O apagão que deixou mais de 6 milhões de pessoas sem eletricidade, em 14 estados, na terça-feira 4 de fevereiro, menos de 24 horas depois de o ministro de Minas e Energia Edison Lobão ter afirmado que tal risco estava afastado, foi mais uma evidência de que o Brasil enfrenta um visível esgotamento do modelo de desenvolvimento baseado em uma política de incentivo ao consumo, que, entre outros co-requisitos, negligencia a necessidade de um programa sério de investimentos maciços – públicos e privados – em infraestrutura física. Com o afastamento do Estado, tais investimentos se tornaram dependentes do interesse dos investidores privados, ao mesmo tempo em que o próprio governo os penaliza, com a sua submissão e conivência com o aparato ambientalista-indigenista internacional. Assim, as políticas públicas, como as instituições em geral, estão a cada dia mais distantes das reais necessidades e anseios da população como um todo (evidentemente, aí incluída a maioria dos setores produtivos da economia).

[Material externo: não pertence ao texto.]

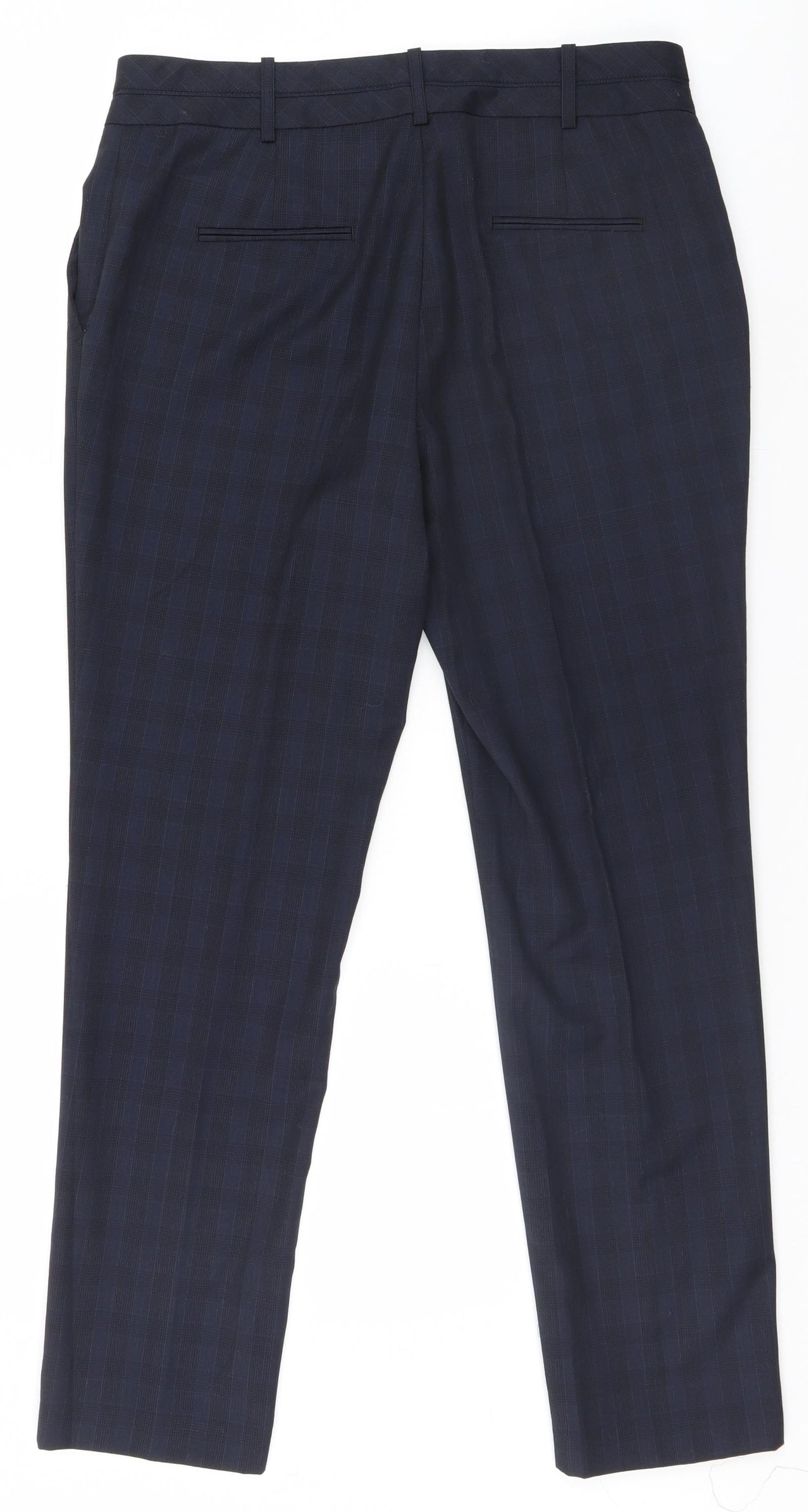 NEXT Womens Blue Check  Trousers  Size 12 L26 in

No caso concreto dos cortes de energia, a combinação de um verão mais quente que a média com os atrasos na ampliação da infraestrutura energética (em grande medida, pelas restrições ambientais), além do aumento de consumo de energia proporcionado pelos incentivos à compra de eletrodomésticos (a chamada “bolha das Casas Bahia”), levaram ao limite a capacidade do sistema elétrico para responder a eventos imprevistos, como o incidente ainda não identificado que provocou o blecaute do dia 4.

Ao mesmo tempo, megalópoles como São Paulo e o Rio de Janeiro se vêem às voltas com problemas quase diários causados pela ineficiência e saturação dos seus sistemas de transportes, fatores que estiveram na origem das grandes manifestações nacionais ocorridas em junho de 2013 e ameaçam deflagrar novas ondas de protestos, inclusive, durante a Copa do Mundo, em junho-julho.

As deficiências da rede viária também se exacerbam diante das necessidades de transporte da supersafra de grãos que o País deverá colher este ano, gerando repetidamente cenas como as quilométricas filas de caminhões aguardando para deixar as suas cargas nos principais portos, que, com frequência, obriga os caminhoneiros a esperas que ultrapassam 24 horas.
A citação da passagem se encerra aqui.